= EXERCISE REQUIREMENTS =
Will you write out, word for word, every line from the one with "1614 E Broadway #7 — Photo 5" to the final line of the data below, with the pictures left out?

= INFORMATION SHOWN =
::::

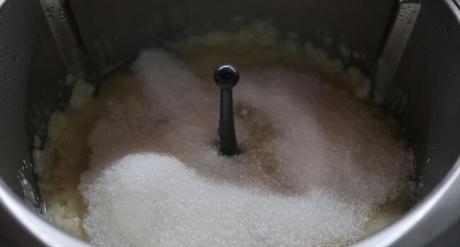 Echamos el azúcar mezclamos y cocinamos de nuevo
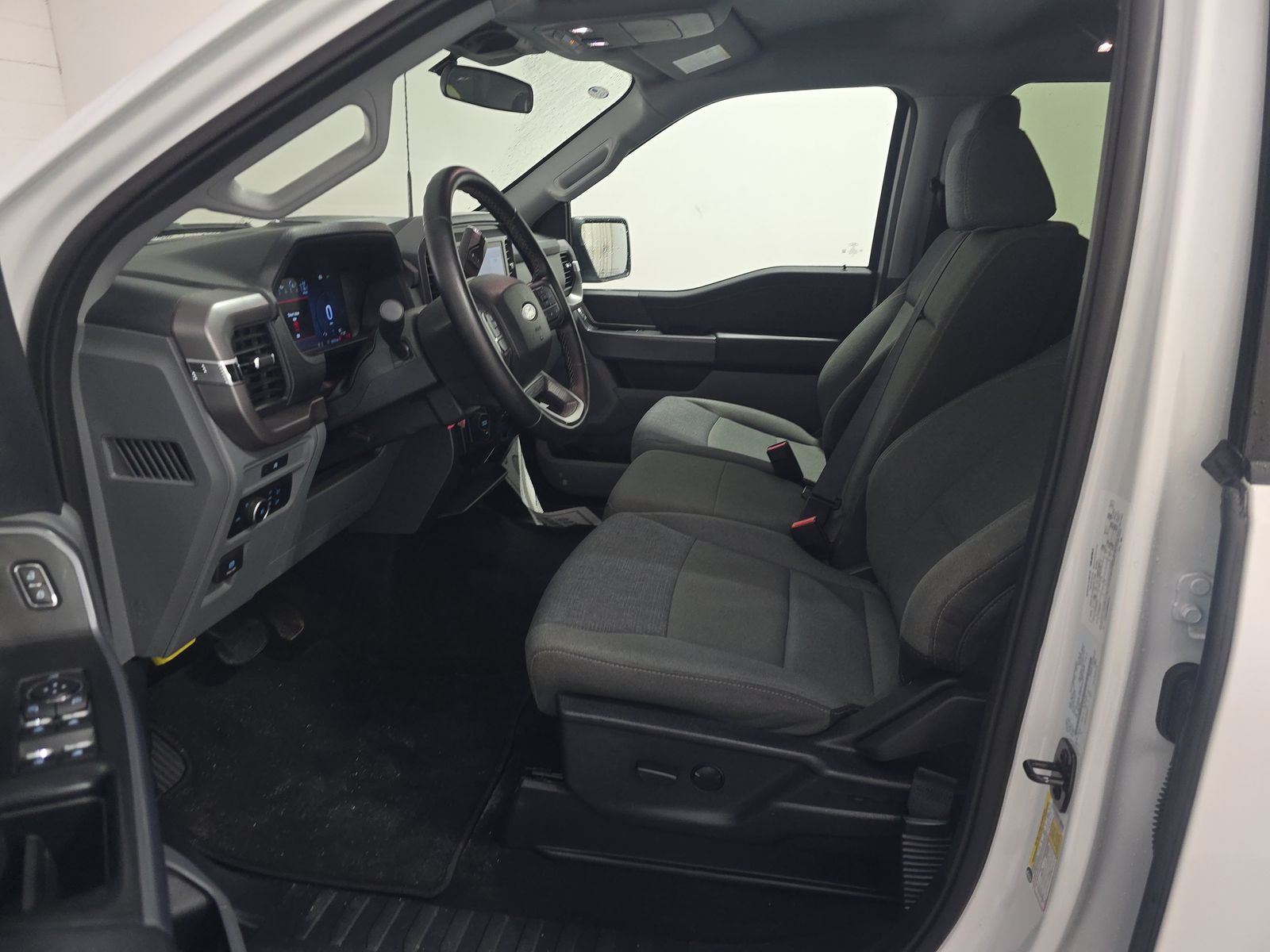 FORD F-150 - 8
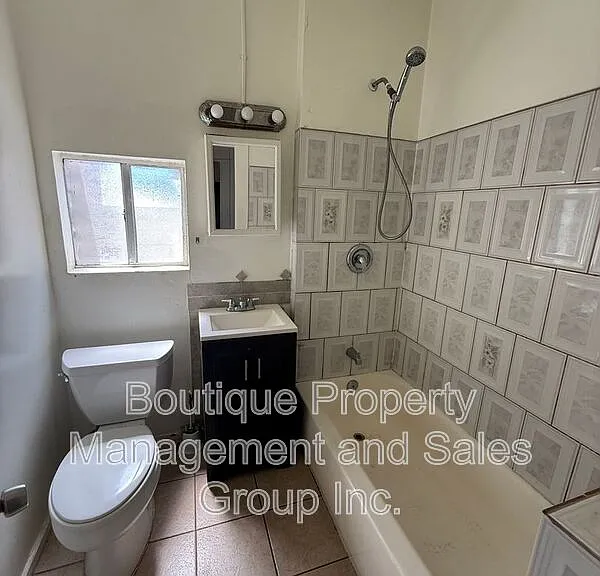 1614 E Broadway #7 — Photo 5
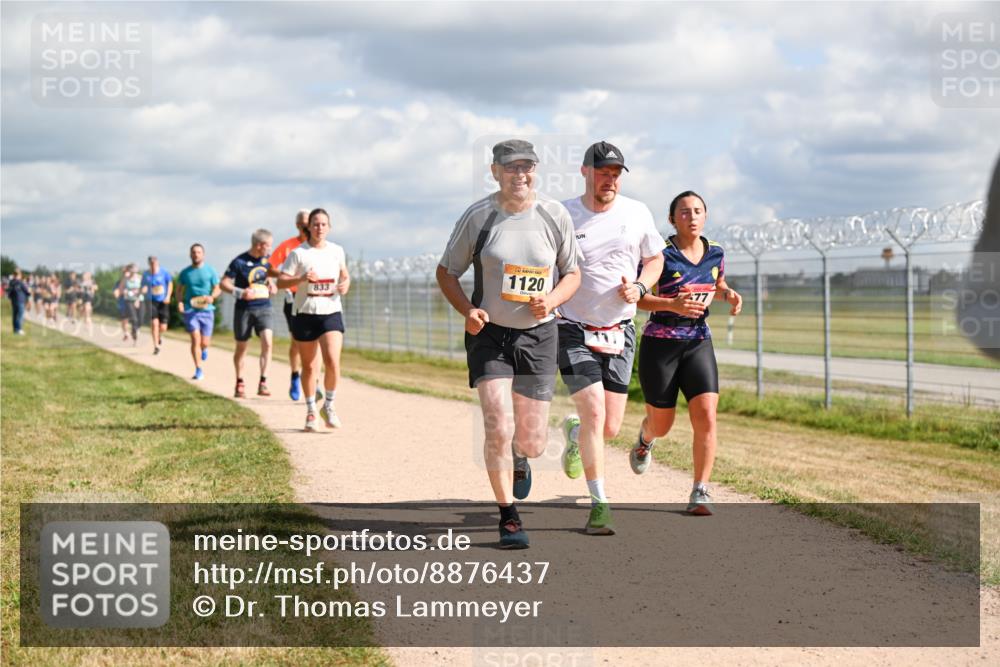 14.09.2025 - Airport Race Dr. Thomas Lammeyer http://msf.ph/oto/8876437 14.09.2025 12:21:15 Laufen 833, 1120, 77 meine-sportfotos.de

::::

= SOLUTION TO THE PROBLEM =
 1614 E Broadway #7 — Photo 5
 14.09.2025 - Airport Race Dr. Thomas Lammeyer http://msf.ph/oto/8876437 14.09.2025 12:21:15 Laufen 833, 1120, 77 meine-sportfotos.de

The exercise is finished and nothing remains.